Throughout the lifecycle of a wind turbine, environmental conditions can deteriorate hardware or technologies can evolve, necessitating system upgrades. In order to continue maximizing the production of turbines, performance improvements through hardware or software changes are often explored. These can improve the performance or lifespan of turbines, and are increasingly necessary as assets age.
Although it appears that there is a clear advantage to upgrading turbines, there can also be unexpected drawbacks. Understanding these can greatly impact the performance of your portfolio — resulting in better financial performance.

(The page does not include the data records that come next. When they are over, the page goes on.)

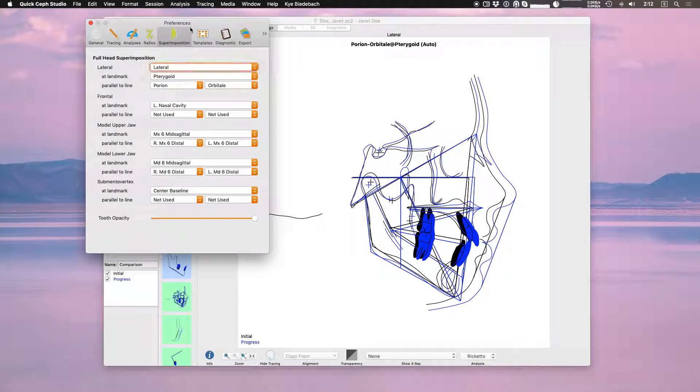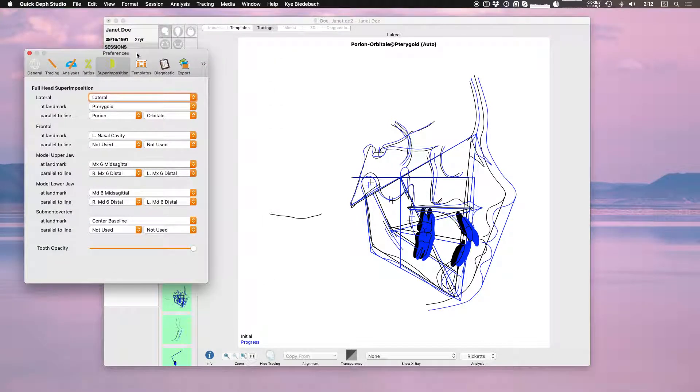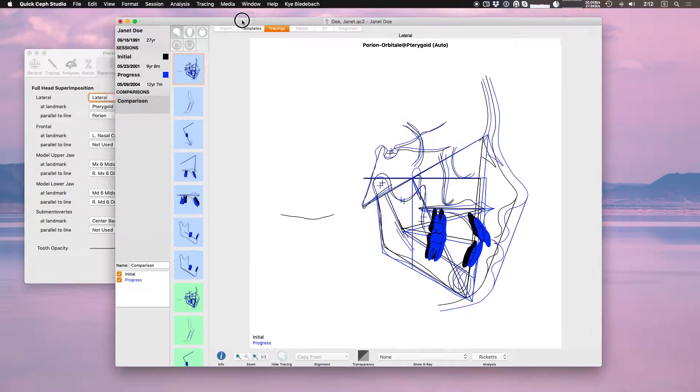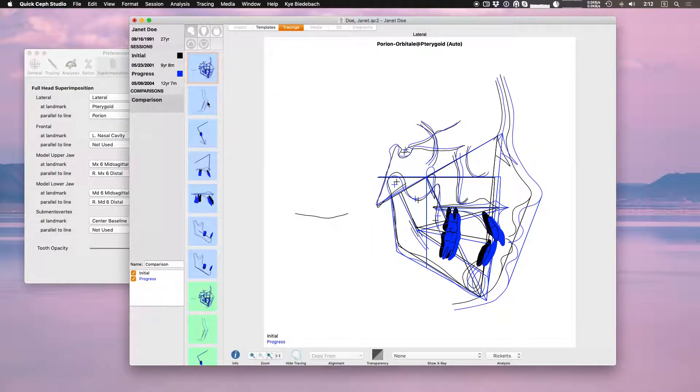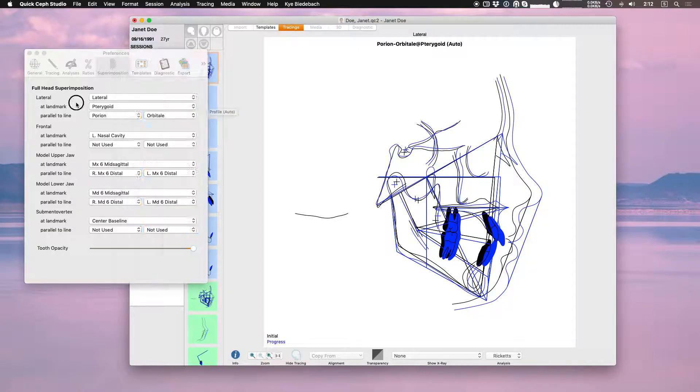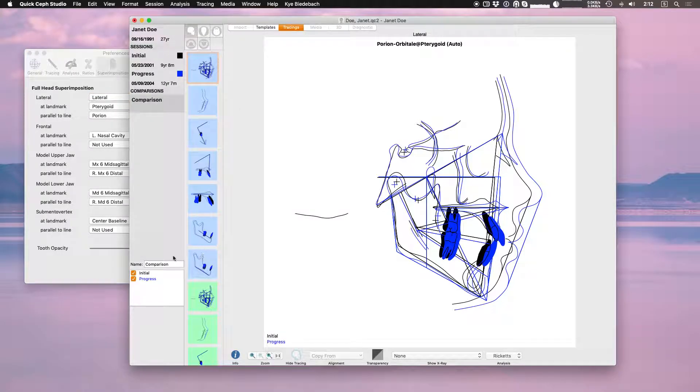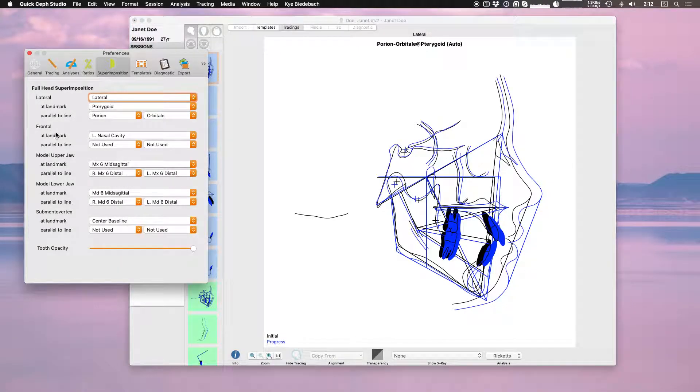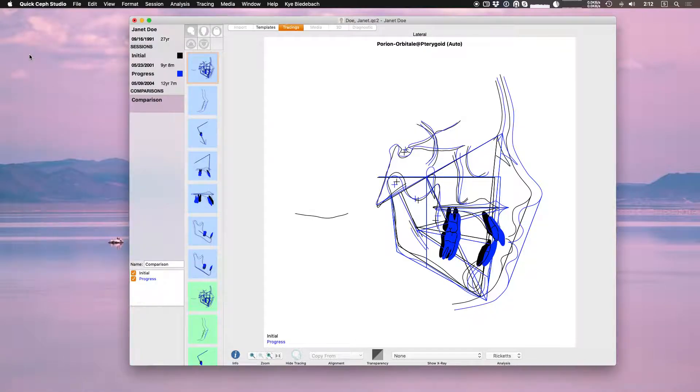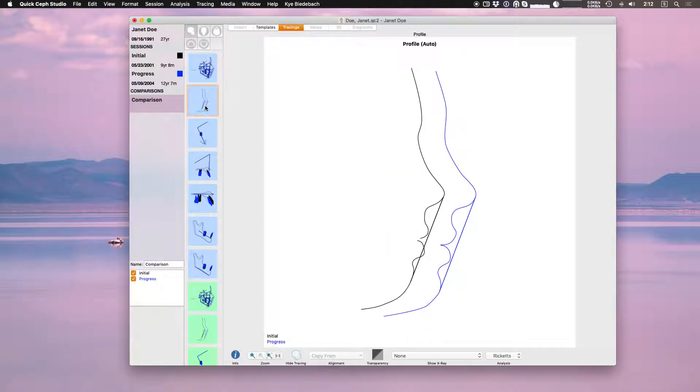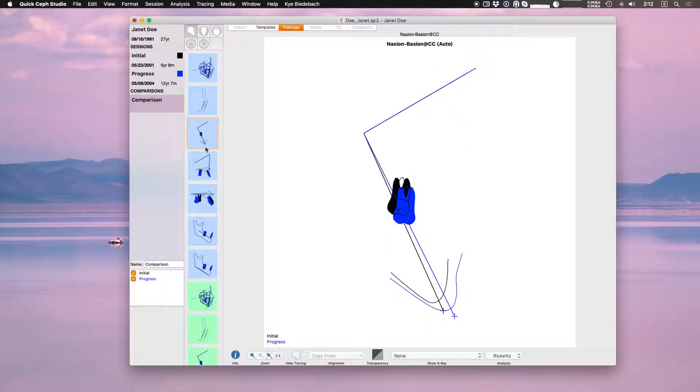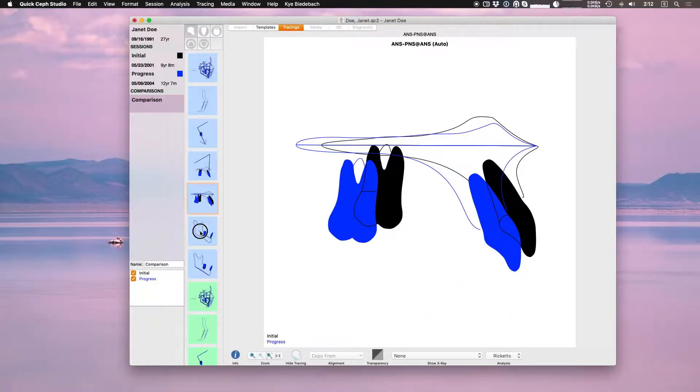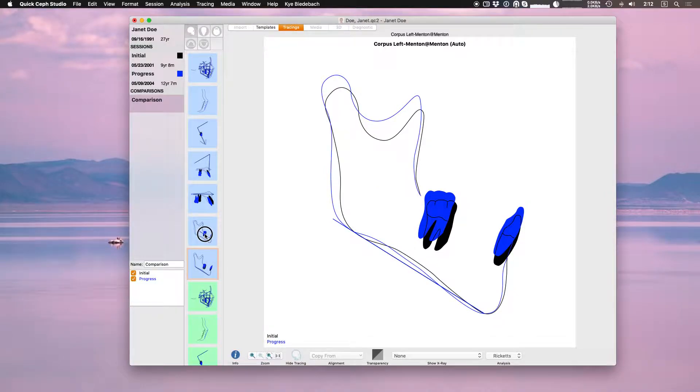Under here superimposition preferences. So the lateral superimposition is at landmark pterygoid and it's parallel to line porian to orbital and so on. We have this lateral superimposition. You have the frontal. If you do a frontal tracing you can do the upper and lower jaw as well as the submental vertex if you do those superimpositions. So all these follow your preferences. They're the blue ones. You don't really have a choice in that.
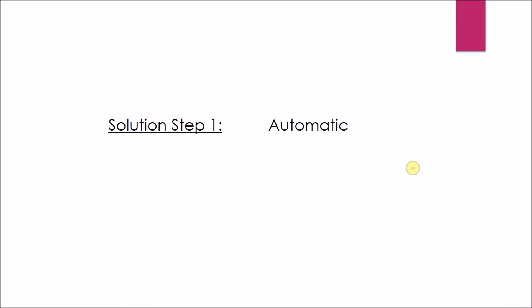Two solutions we have to fix this. Solution step 1: Automatic. Solution step 2: Manual.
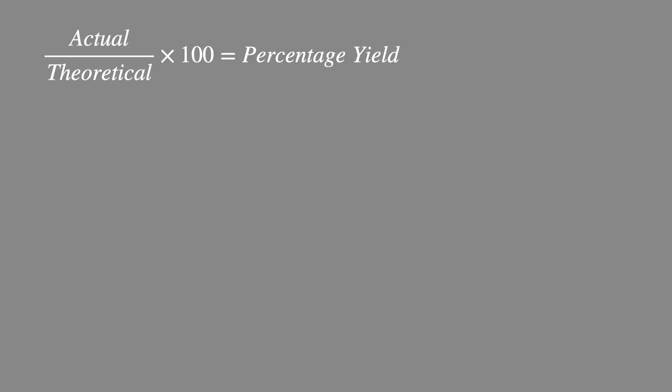So we use this equation to calculate percentage yield. Actual yield divided by theoretical yield multiplied by 100. Now the yields can either be in grams or moles as long as they are both in the same unit.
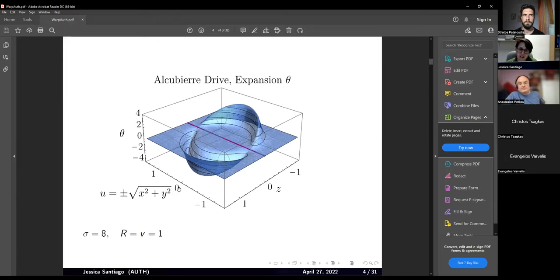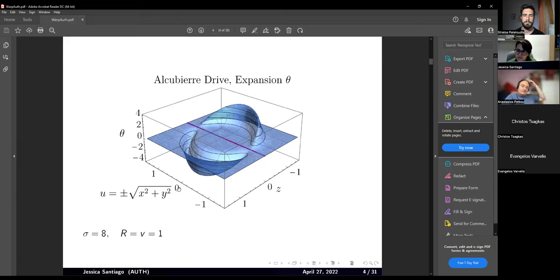There are proofs from string theory that the null energy condition must be satisfied in the context of a quantum theory of gravity. But that is another subject.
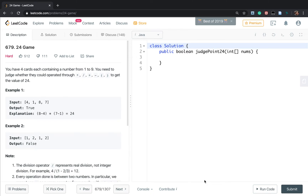Hello friends, today let's solve the 24 Game. You have four cards, each containing a number from one to nine. You need to judge whether you could operate through multiply, divide, plus, minus, and parentheses to get the value of 24.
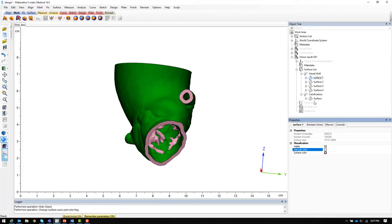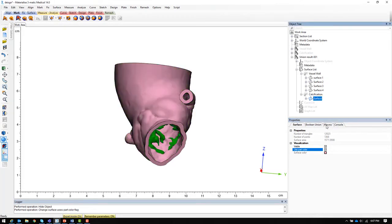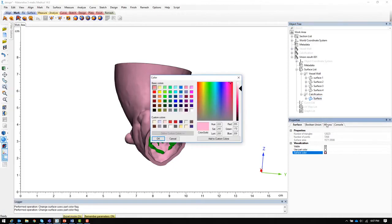In this case pink for the vessel wall makes sense, so I will simply change the color for the calcification surface.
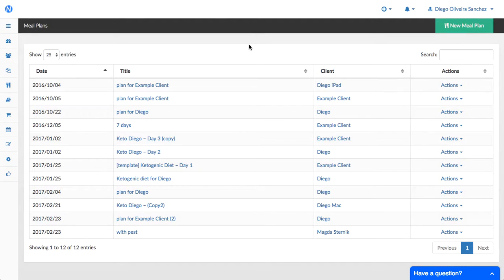Hi this is Diego from NutriAdmin and this video is to discuss the different features we've added to meal plans and recipes as of late February 2017.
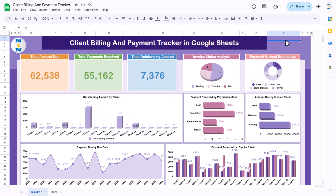Hello friends, welcome to the New Tech Navigators. My name is PK. In this video you will learn how to create a client billing and payment tracker in Google Sheets. As you can see, we have created this beautiful tracker.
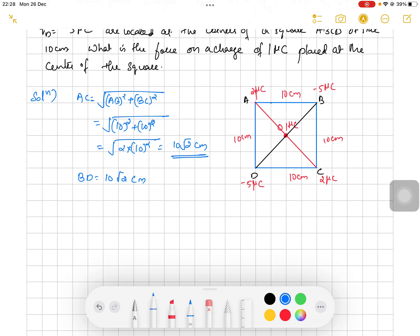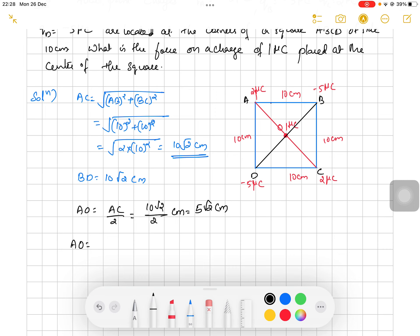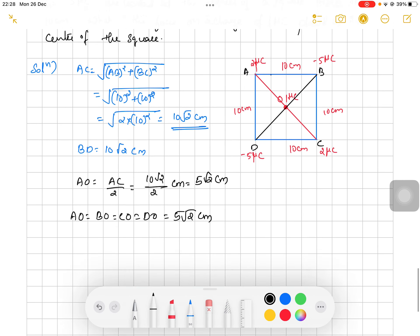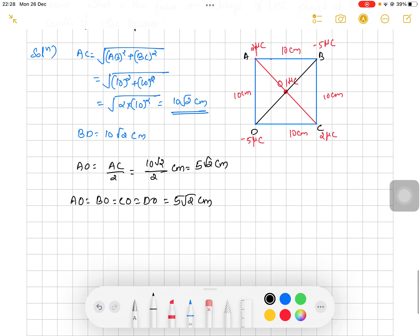Now we find the distance from the center O to each corner. Since O is at the midpoint of the diagonal, AO = AC/2 = 10√2/2 = 5√2 centimeters. The distance from all corners to the center is equal: AO = BO = CO = DO = 5√2 centimeters. Now we find the force acting on the 1 micro coulomb charge at O due to the charge at A, written as FOA.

Original equipment manufacturers (OEMs) and third-party companies regularly offer owners ways to improve the performance of operating turbines. This can include hardware upgrades, such as anti-icing options or leading-edge protection. It can also include software upgrades to improve controls, such as blade pitching algorithms or improved yaw control. These aim to improve the performance of turbines through increased AEP, but they can also result in some unexpected drawbacks. The benefits should be carefully weighed against the implications of increased loading.
Updating yaw controls of turbines, for example, can improve production through closer tracking of the wind, but this can also result in erosion to the blades. Depending on the nature of the upgrade, loads on turbine components may also be increased. Therefore, it is important to examine the full picture when considering the upgrade and understand the increased AEP with any implications to maintenance.
Performance upgrades can also be implemented incorrectly, resulting in owners paying for upgrades that are not rolled out as expected or not operating up to the performance gains expected with the investment. This is a scenario Clir has identified for several clients on our platform. One Clir client, in particular, had implemented a performance upgrade with the expectation that the turbines would operate at a higher rated power under certain meteorological conditions. Clir used data to identify when operational conditions suggested a boost should have been happening versus the actual performance at the turbine. The analysis indicated that for 685 hours during a 65-day period of analysis, the performance upgrade was not operating. Following correction, and the upgrade operating as specified, the farm experienced a 400 MWh gain per year.
In order to ensure that the upgrade is working effectively, and that the benefits outweigh any potential pitfalls, it is always recommended to quantitatively evaluate the changes independently of the provider. Unfortunately, the analysis can be challenging for a variety of reasons:
Clir suggests applying upgrades to a sample of the turbines on-site to gain reference data on turbine performance. We also use an ensemble approach, where possible, to ensure we have accurate wind resource data, as well as high-quality datasets.
When analyzing a yaw algorithm parameter upgrade, Clir used three methodologies, and the results of these methodologies were compared and combined to arrive at a final result. The first approach used the nacelle anemometers to derive power curves from pre- and post-upgrade data based on IEC power curve test procedures. The second employed the IEC met masts methodology, where existing power performance test masts were used to accurately measure power curves, reducing uncertainty relative to the nacelle anemometer approach. Finally, Clir tested the upgrade using the peer-to-peer methodology, which compares the power production of neighbouring turbines. For this method, a test turbine is selected and the upgrade is implemented with a neighbouring control turbine operating in the original state.
Using an ensemble approach reduces uncertainty in the calculations, which is beneficial for the financial impacts of upgrades. When preparing an asset for sale, independent engineers or technical analysts will perform an energy yield analysis that measures current and future production. Performance upgrades are taken into account for these assessments and are important to understand the implications on the long-term AEP.
For the above example analyzing a yaw algorithm parameter upgrade, Clir’s ensemble approach helped to reduce project uncertainty and risk. Quantifying the gains also helped to improve the P50 and P90 values. When the work was presented to the independent engineer responsible for the operational energy yield assessment of the portfolio prior to the bidding process, Clir’s analysis and the gains were accepted, resulting in an improved energy yield and improved financial modelling for the seller.
The impact of each upgrade on energy production and turbine loads depends on the local wind climate and the specific turbine model in use at the site, among other factors, which means each upgrade can perform differently across different sites. This makes independent validation critical for upgrade implementation and performance improvements. When these upgrades are implemented properly, though, the results can have a profound impact on the financial valuation of the assets.